**Data**
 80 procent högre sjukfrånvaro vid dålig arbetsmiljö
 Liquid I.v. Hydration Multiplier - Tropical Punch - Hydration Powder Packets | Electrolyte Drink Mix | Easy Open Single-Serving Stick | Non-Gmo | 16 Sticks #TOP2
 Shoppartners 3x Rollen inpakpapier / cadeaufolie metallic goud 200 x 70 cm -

**Work task**
Your task is to transcribe exactly the lines from the one with "Liquid I.v. Hydration" through the end of the data, both included, and nothing besides.

**Solution below**
 Liquid I.v. Hydration Multiplier - Tropical Punch - Hydration Powder Packets | Electrolyte Drink Mix | Easy Open Single-Serving Stick | Non-Gmo | 16 Sticks #TOP2
 Shoppartners 3x Rollen inpakpapier / cadeaufolie metallic goud 200 x 70 cm -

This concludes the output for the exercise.